On the Saturday after the Gorton and Denton by-election, Labour MPs all around the country were in their constituencies recovering from watching their party place third in one of its safest seats, and wondering what the surge of Zack Polanski’s Green Party might mean for them. His words, “This is what replacing the Labour Party looks like,” were ringing in their ears. Then an email popped up in their inboxes. It was from Keir Starmer.
“We’ve seen the true colours of Zack Polanski’s Greens in this campaign,” he wrote. Their willingness to welcome George Galloway’s “divisive, sectarian politics” was a sign, he wrote, “that the Greens are not the harmless environmentalists they pretend to be”. They are “more interested in dividing people than uniting them”. Labour would “continue to warn of the risk” they pose, he wrote, from “extreme policies like legalising all drugs and pulling out of Nato that most voters strongly reject”, to “the risk of splitting the progressive vote so that Reform come through the middle”.
Many Labour MPs were horrified. “We’ve learned no lessons from that defeat,” one member of the government despaired. After a campaign hammering home that “Hannah the plumber”, the friendly Green candidate in her colourful clothes, accompanied by her four greyhounds, was peddling “extremist” drugs policies, with no palpable electoral gain, many in Labour ranks wanted an alternative approach to this new threat. One day later, they got it. Wes Streeting took to the stage at Labour North conference and declared: “We’ve got to respect the voters by understanding why we lost. We lost because the party that represented hope in the eyes of too many voters wasn’t us.” He said that Hannah Spencer’s victory speech had been “a Labour speech”. And Streeting had a warning: “We mustn’t fall into the trap of sounding like our attack on the Greens is an attack on hope, or give the impression that there aren’t things that unite us as progressives.”

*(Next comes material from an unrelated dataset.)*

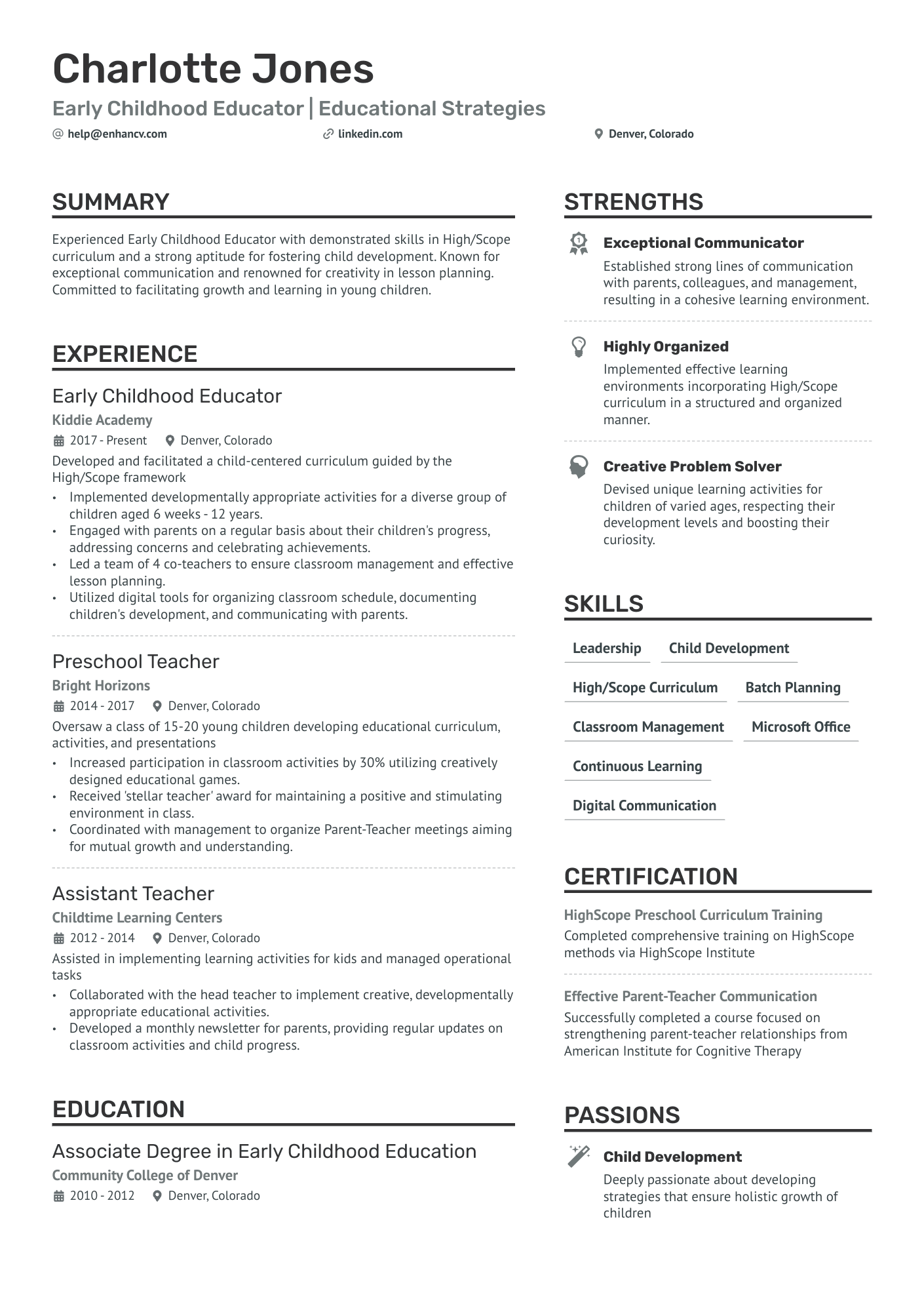 Senior Preschool Teacher Resume Example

This is the debate Labour has been having with itself ever since. Anna Turley, the party chair, has held sessions with MPs over how to approach Polanski’s party, often marked by heated exchanges and deep disagreements. In late March, as Labour prepared to launch its campaign for the May elections, the party’s high command was unable to reach an agreement on how to approach the Greens until the last minute. Labour insiders describe Polanski’s party as an “entirely new threat”, and say it is therefore still “an evolving conversation” about how to tackle them. The Reform attack lines, by contrast, had been ready for weeks.
Let’s start with the areas where Labour has managed to reach consensus. Since that badly received email, Starmer has accepted that describing the Greens as “extremist” is ineffective. His party unanimously agrees.

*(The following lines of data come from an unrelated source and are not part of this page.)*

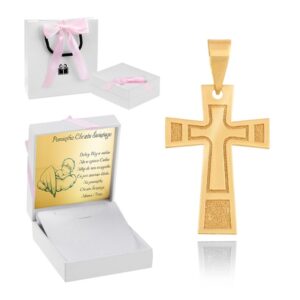 Złoty Krzyżyk na Chrzest / pr. 585 / Dedykacja / Pamiątka komunii dla dziewczynki / Ozdobne pudełeczko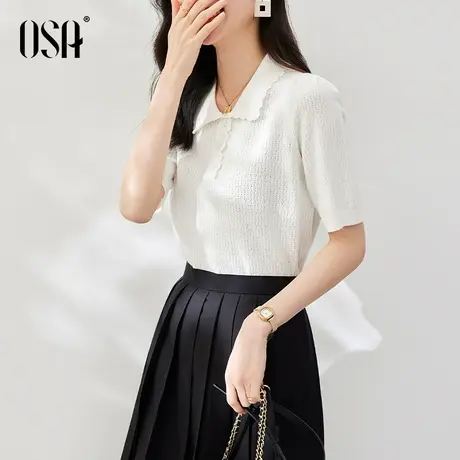 OSA欧莎白色Polo领短袖镂空针织衫女夏季2023年新款套头短款上衣商品大图
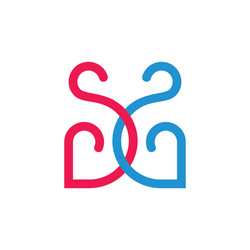 letters ss linked curves line loop design logo vector image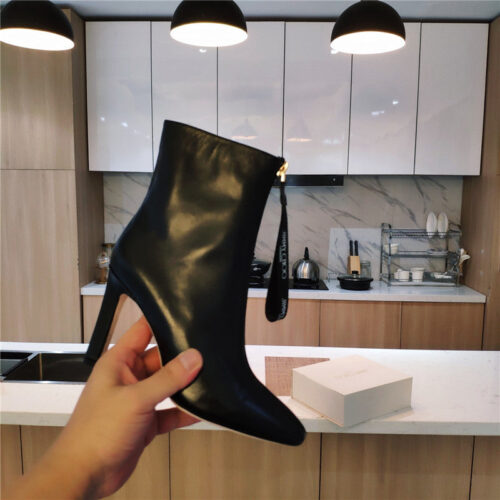 High Quality Luxury Jimmy Choo Logo Zipper Square Toe Ankle Boots – Style 11031 product detail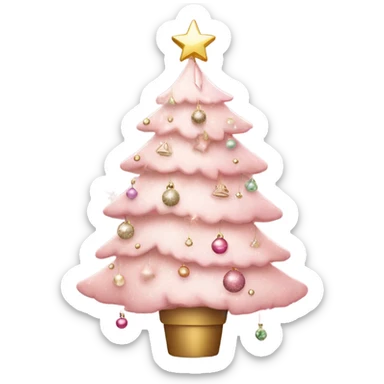 Light pink christmas tree sticker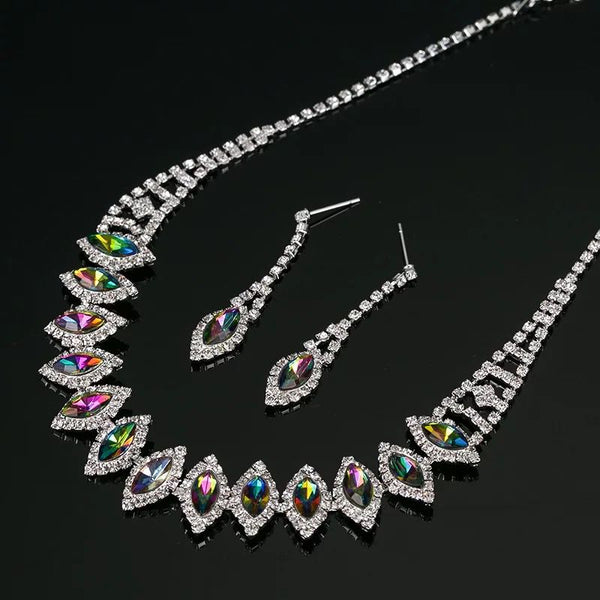 Silver Plated Rhinestones Necklace And Earrings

Having scrutinised the Greens’ record in local government, there is broad agreement Labour can make a simple argument that “when the Greens get into power, they just don’t run things very well”, as one strategist puts it. The party is trying to learn from Labour’s experience in Brighton, where it retook the council in 2023 after years of Green rule. However, this becomes a rather unglamorous debate about bin collections, especially drawing attention to the 2021 strike that took place in Brighton under the Greens’ watch, and in Bristol where they attempted to introduce rubbish collections once every four weeks before ditching the policy after public opposition. Yet readers will note that Labour also has an uncomfortable history with bin collections in local government, presiding over the strikes that produced “rats as big as cats” on the streets of Birmingham. Perhaps that line won’t prove so effective for the party in the longer term.

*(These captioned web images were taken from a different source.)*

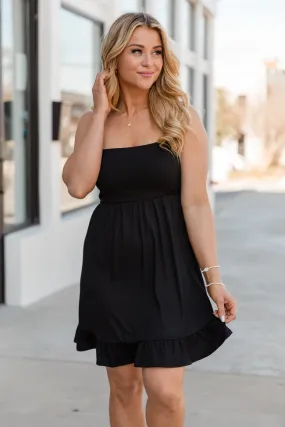 Simple Moments Black Knit Dress With Ruffle Hem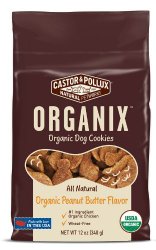 Castor & Pollux Organix Peanut Butter Flavored Dog Cookies, 12 Ounce Bag ( Pack of 4 )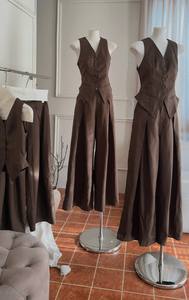 Ensemble chemise à manches courtes et gilet en tissu mélangé polyester, col en V, marron + pantalon droit, style formel, échantillon disponible - Product Image 5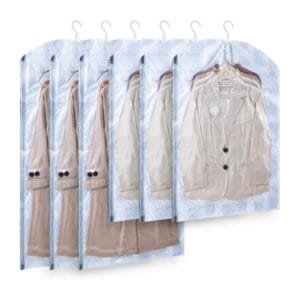 Hanging vacuum storage bags for coats and closet organization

On everything else, Labour is more divided than it maybe even realises. One party figure told me that attacks on the Greens’ drugs policy are a thing of the past, but another pointed out that Labour’s latest focus group suggested the party’s drug attack lines had “really cut through”. Voters said they found the legalisation policy concerning, but recognised that a single Green MP elected in a by-election wouldn’t be able to change the policy. “It would be effective in a general election,” one insider concludes. Even in a local election, in which the Greens wouldn’t be in a position to change national drug policy, some in the governing party have concluded it is an approach worth taking. A Labour Party attack van was dispatched to south London recently with “Greens have the wrong answers: legalise all drugs, economic chaos costing families more, leave Nato and put our security at risk” emblazoned on its side.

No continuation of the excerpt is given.